[Brief descriptive captions]

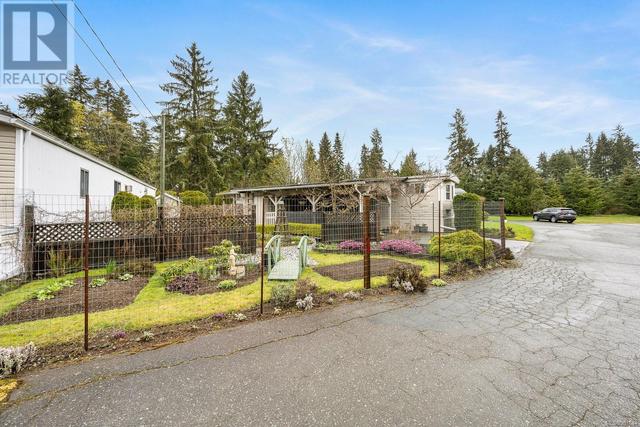 c12 - 2157 Regent Rd, House other with 3 bedrooms, 2 bathrooms and 2 parking in Comox Valley C (Puntledge   Black Creek) BC | Image 24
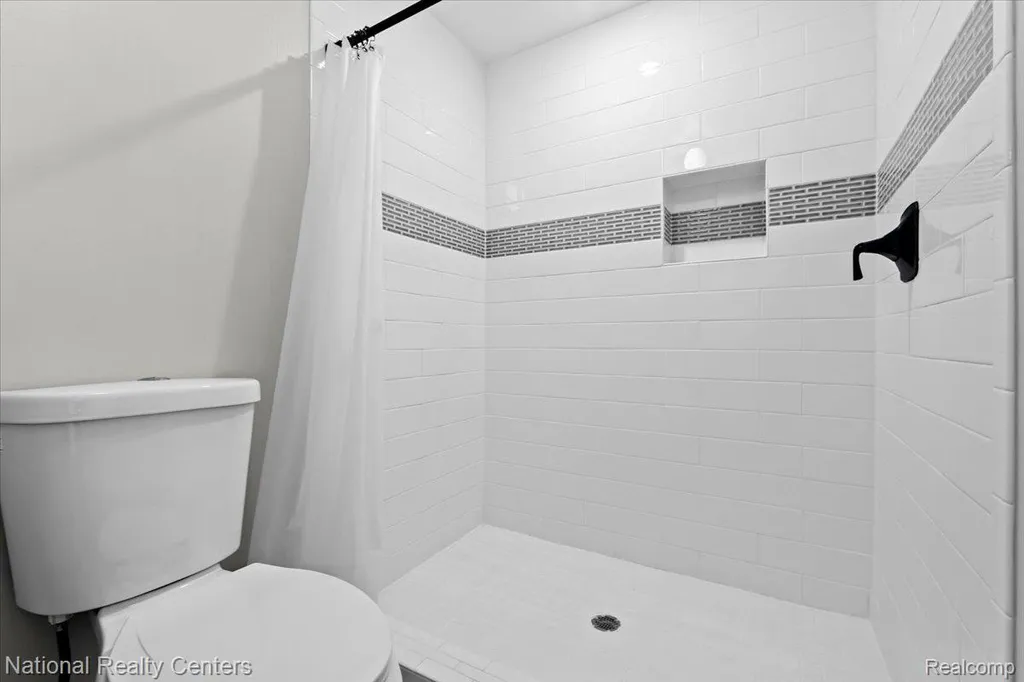 42142 Roscommon Street Northville City MI 48167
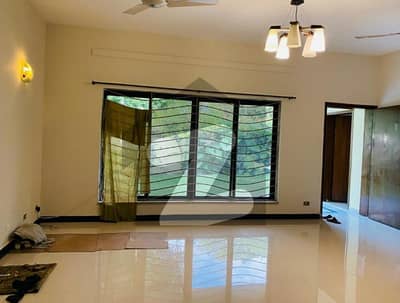 ایف ۔ 10 اسلام آباد میں 6 کمروں کا 1 کنال مکان 4.5 لاکھ میں کرایہ پر دستیاب ہے۔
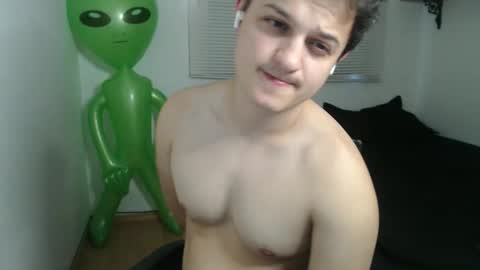 Snapshot of lioncluess chatting on May 27, 2026, 7:00 pm Lion Cluess online show from May 27, 2026, 7:00 pm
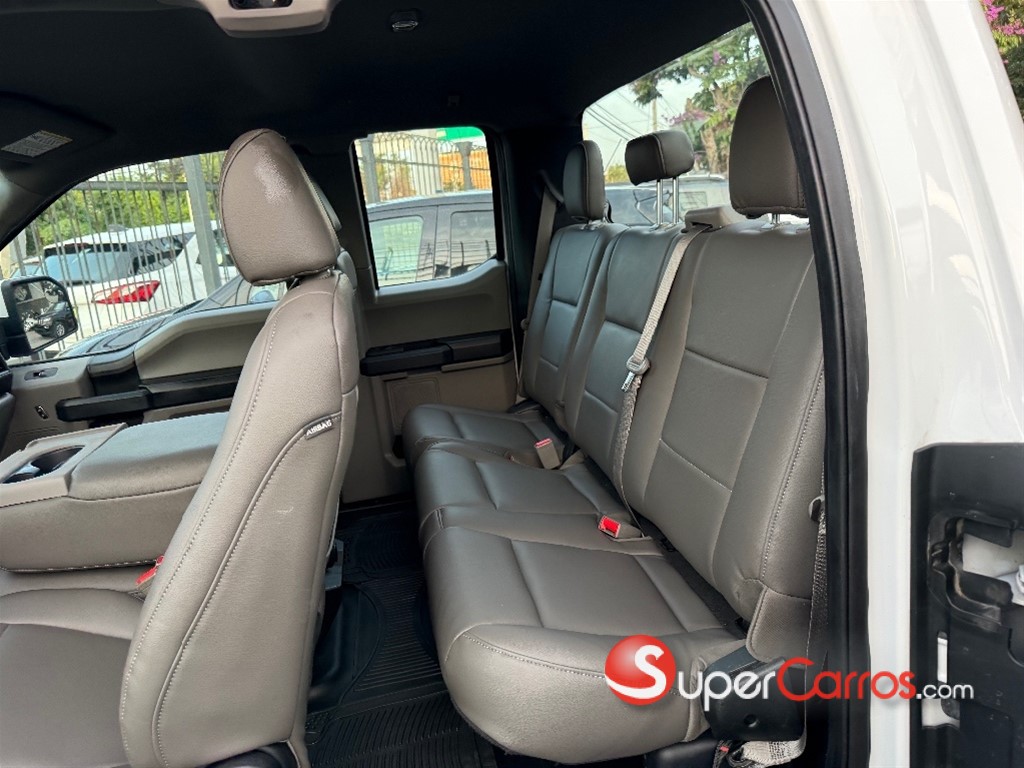 2020 Ford F 150 — foto 8 / 10
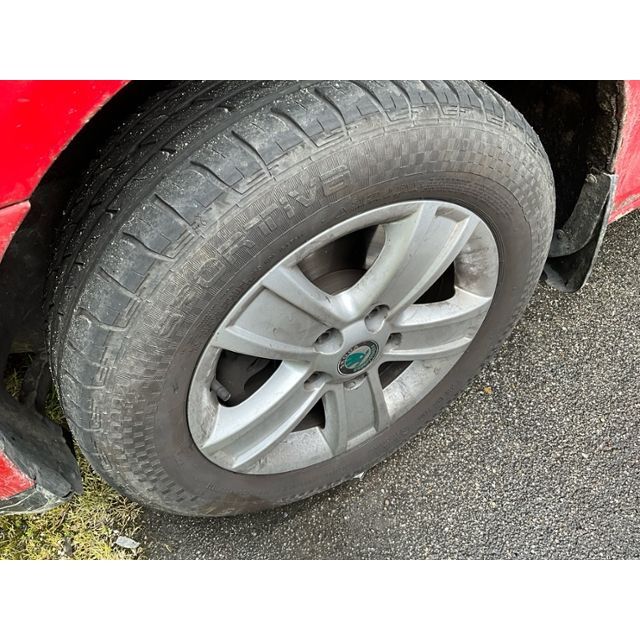 Skoda 1.9 TDI 105 Swiss  Adv. 4x4 Octavia Combi [SC]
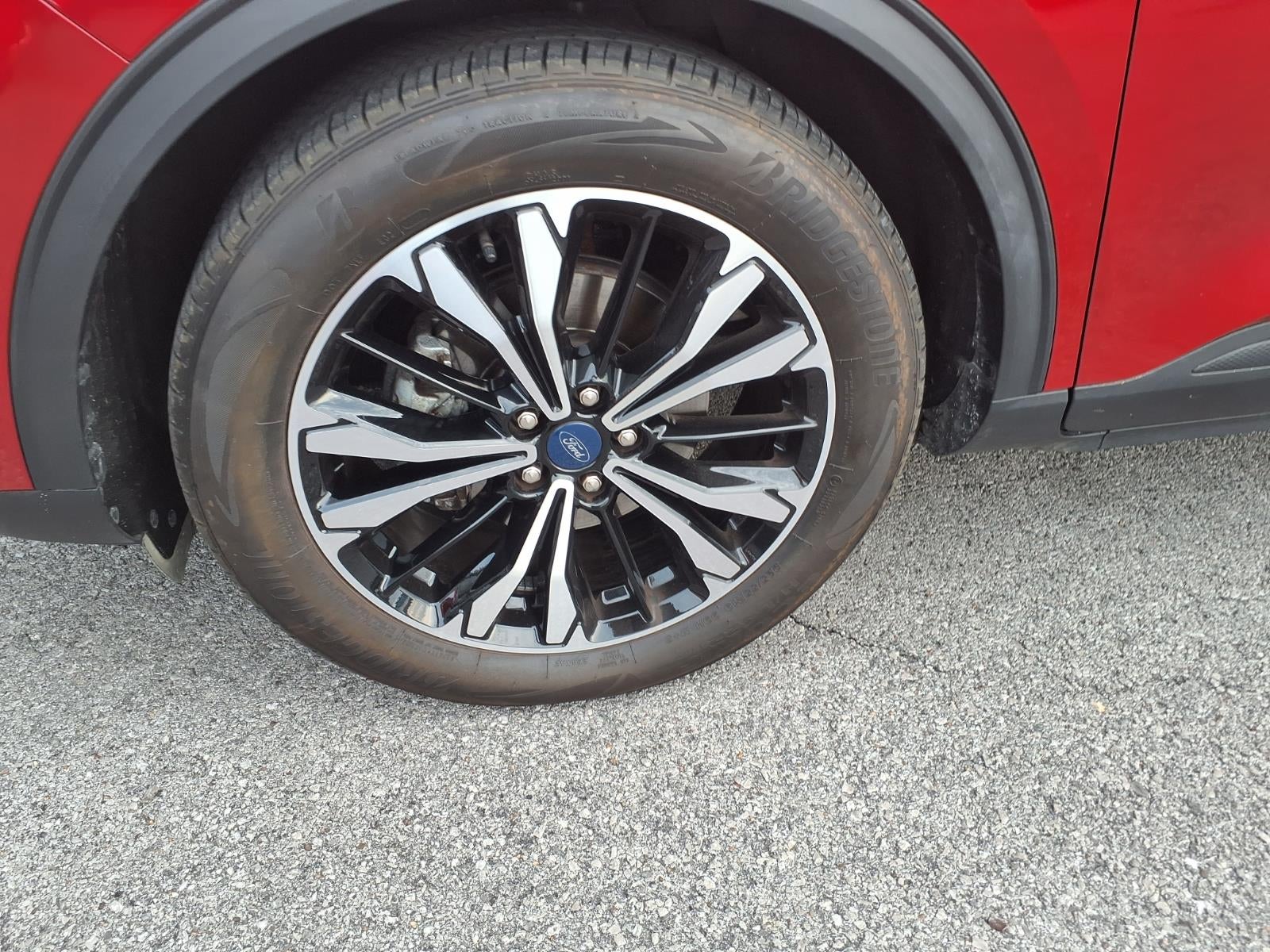2021 Ford Escape SE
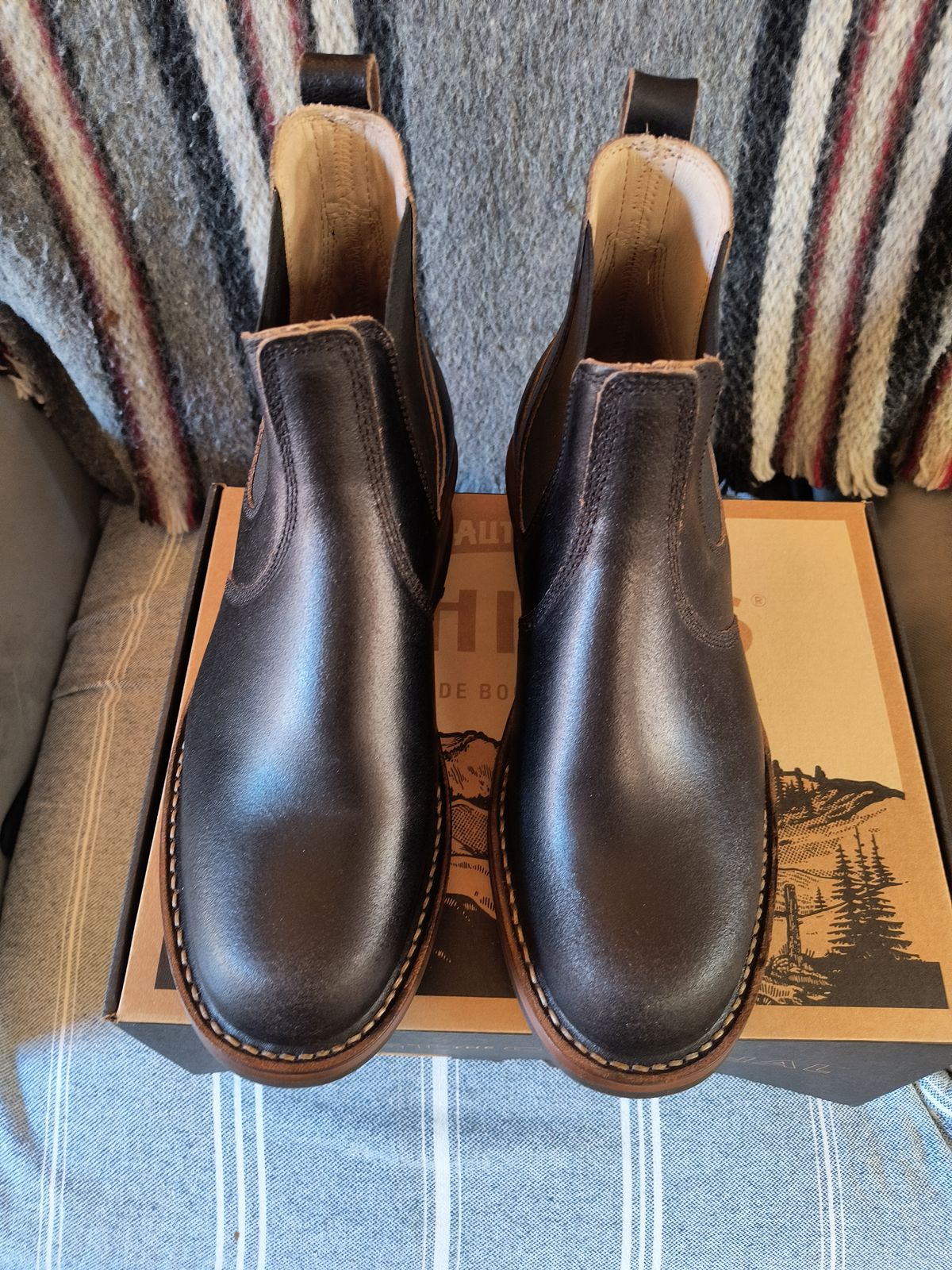 Photo by ArchieGoodyear on March 21, 2026 of the White's White's/C-350 Chelsea in Horween Black Waxed Flesh.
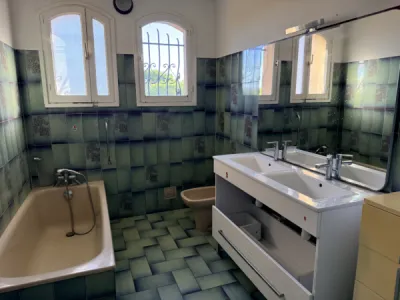 Maison à vendre Saint-Aygulf avec un beau potentiel pour investissement avec une vue mer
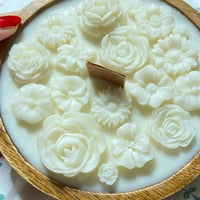 شمعة قالب خشبي دائري مزين بالورد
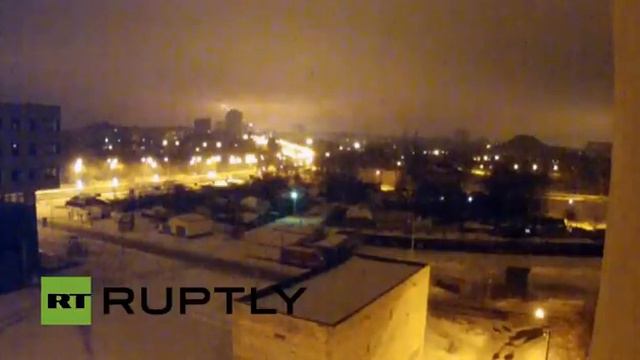 Град стреляет из центра Донецк 17.01.2015 Аэропорт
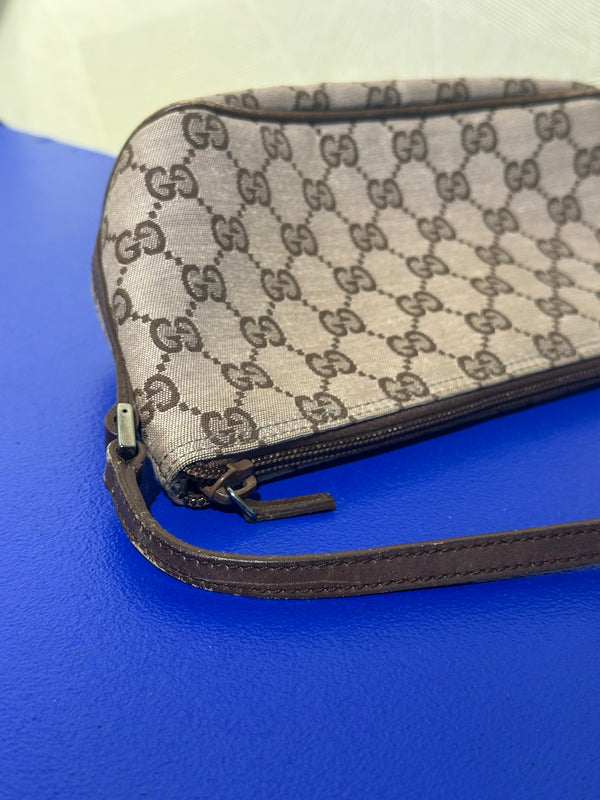 Gucci Boat Pochette GG Monogram Canvas Shoulder bag pochette Gucci logo zip closure chic 90s Pink Brown Very Good Condition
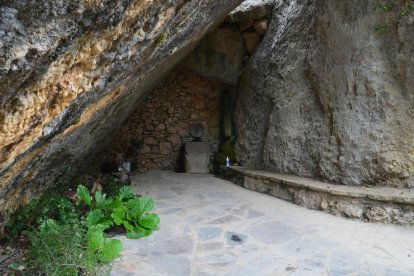 Una ermita a recer dels còdols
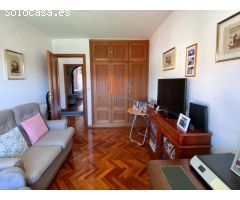 EXCLUSIVO CHALET CON PISCINA EN VENTA EN CACHEIRAS, TEO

Problem to work on: Reproduce exactly the lines above from the one with "Град стреляет из" through the last line of the data, keeping both ends and dropping the pictures.

Result for this exercise:
 Град стреляет из центра Донецк 17.01.2015 Аэропорт
 Gucci Boat Pochette GG Monogram Canvas Shoulder bag pochette Gucci logo zip closure chic 90s Pink Brown Very Good Condition
 Una ermita a recer dels còdols
 EXCLUSIVO CHALET CON PISCINA EN VENTA EN CACHEIRAS, TEO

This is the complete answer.